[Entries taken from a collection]
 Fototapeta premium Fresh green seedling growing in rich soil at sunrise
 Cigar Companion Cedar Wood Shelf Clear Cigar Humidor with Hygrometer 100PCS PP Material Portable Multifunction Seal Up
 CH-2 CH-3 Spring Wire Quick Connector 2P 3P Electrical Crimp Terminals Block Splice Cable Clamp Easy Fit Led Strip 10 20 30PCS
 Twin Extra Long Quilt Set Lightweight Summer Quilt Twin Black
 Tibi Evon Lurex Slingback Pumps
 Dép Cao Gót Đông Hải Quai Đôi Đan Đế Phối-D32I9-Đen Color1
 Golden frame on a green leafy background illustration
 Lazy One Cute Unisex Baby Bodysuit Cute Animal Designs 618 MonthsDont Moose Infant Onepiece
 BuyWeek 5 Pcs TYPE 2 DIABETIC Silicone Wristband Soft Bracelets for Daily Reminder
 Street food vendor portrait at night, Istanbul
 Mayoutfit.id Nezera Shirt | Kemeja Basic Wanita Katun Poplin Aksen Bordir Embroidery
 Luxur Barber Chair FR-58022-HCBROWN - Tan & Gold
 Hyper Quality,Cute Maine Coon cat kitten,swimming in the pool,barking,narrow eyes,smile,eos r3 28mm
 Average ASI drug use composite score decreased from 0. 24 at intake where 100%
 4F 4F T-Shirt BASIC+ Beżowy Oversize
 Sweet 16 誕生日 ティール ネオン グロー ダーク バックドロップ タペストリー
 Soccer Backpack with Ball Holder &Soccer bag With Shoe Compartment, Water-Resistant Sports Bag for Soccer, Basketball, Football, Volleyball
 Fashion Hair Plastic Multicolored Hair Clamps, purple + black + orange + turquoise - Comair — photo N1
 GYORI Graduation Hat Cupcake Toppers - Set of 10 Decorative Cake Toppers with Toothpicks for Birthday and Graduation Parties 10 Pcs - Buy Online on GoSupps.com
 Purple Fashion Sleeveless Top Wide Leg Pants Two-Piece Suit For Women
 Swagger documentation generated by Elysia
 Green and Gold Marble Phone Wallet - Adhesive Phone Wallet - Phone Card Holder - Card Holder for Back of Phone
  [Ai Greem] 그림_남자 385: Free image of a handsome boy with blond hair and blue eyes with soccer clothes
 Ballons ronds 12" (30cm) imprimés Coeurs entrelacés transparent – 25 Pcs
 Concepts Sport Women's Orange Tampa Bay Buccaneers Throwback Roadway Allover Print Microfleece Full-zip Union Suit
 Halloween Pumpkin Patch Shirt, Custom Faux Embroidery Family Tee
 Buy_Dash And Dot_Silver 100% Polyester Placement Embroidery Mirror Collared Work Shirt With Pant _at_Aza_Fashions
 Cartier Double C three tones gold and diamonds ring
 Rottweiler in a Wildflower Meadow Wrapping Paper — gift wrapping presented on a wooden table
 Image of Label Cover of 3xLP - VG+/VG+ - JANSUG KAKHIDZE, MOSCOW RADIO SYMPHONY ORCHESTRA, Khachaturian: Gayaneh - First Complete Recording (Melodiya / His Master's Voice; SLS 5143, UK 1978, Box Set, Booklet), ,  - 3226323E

• **Problem description**: Restate word for word the entries above, starting at the line with "Fashion Hair Plastic" and ending at the line with "transparent – 25 Pcs", inclusive, and no others.

• **Written solution**:
 Fashion Hair Plastic Multicolored Hair Clamps, purple + black + orange + turquoise - Comair — photo N1
 GYORI Graduation Hat Cupcake Toppers - Set of 10 Decorative Cake Toppers with Toothpicks for Birthday and Graduation Parties 10 Pcs - Buy Online on GoSupps.com
 Purple Fashion Sleeveless Top Wide Leg Pants Two-Piece Suit For Women
 Swagger documentation generated by Elysia
 Green and Gold Marble Phone Wallet - Adhesive Phone Wallet - Phone Card Holder - Card Holder for Back of Phone
  [Ai Greem] 그림_남자 385: Free image of a handsome boy with blond hair and blue eyes with soccer clothes
 Ballons ronds 12" (30cm) imprimés Coeurs entrelacés transparent – 25 Pcs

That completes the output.